Doty Horn, director of color for Benjamin Moore, says the color story starts with the emergence of black, a paint color currently featured in the Color Origins section on The trend first showed up in European trade shows five years ago and in Paris and Germany the last two years, she says, and has just started to get popular here.

"Black is a key direction as we go forward," she says. "It's very mysterious, yet very elegant. To have an edge, you want to soften it with a color combination."

Although trend watchers say the natural partner for black is red, they say it also works with yellow, green, pink or purple.

"For 2006, black and white are a statement," Horn says. "Later they will be an influence for other colors."

One of the most novel ways to add a black accent is with a chandelier that features black crystals. The collection includes everything from beaded crystal chandeliers to Art Deco lamps.

"This is the first time black crystal has been used in a chandelier," says Eileen Schonbek Beer of Schonbek Worldwide Lighting. "It is the antithesis of what you expect in a chandelier. Normally crystal refracts light prismatically, but this has no prismatic brilliance. It creates a very dramatic look like a shadow or a negative space."
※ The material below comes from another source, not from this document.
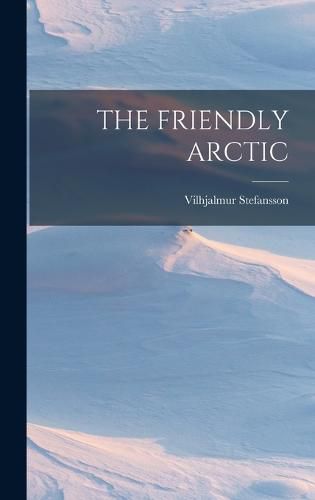 Cover image for The Friendly Arctic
The trend experts say the appeal of the black/white/red color scheme is a desire for glamour combined with fresh, clean contemporary design.

Daryle Gibbs, director of trend and product development for Pier 1 Imports, agrees but says the color scheme also goes well with the Global Trend of African, Chinese and Japanese accents.

"It's a classic, but it's also primitive," he says. "It's a very graphic combination that demands attention. People are wanting their homes to make more of a statement. There is nothing more bold or graphic than the red, black and white combination."

The experts predict the influence of this trio won't go away anytime soon.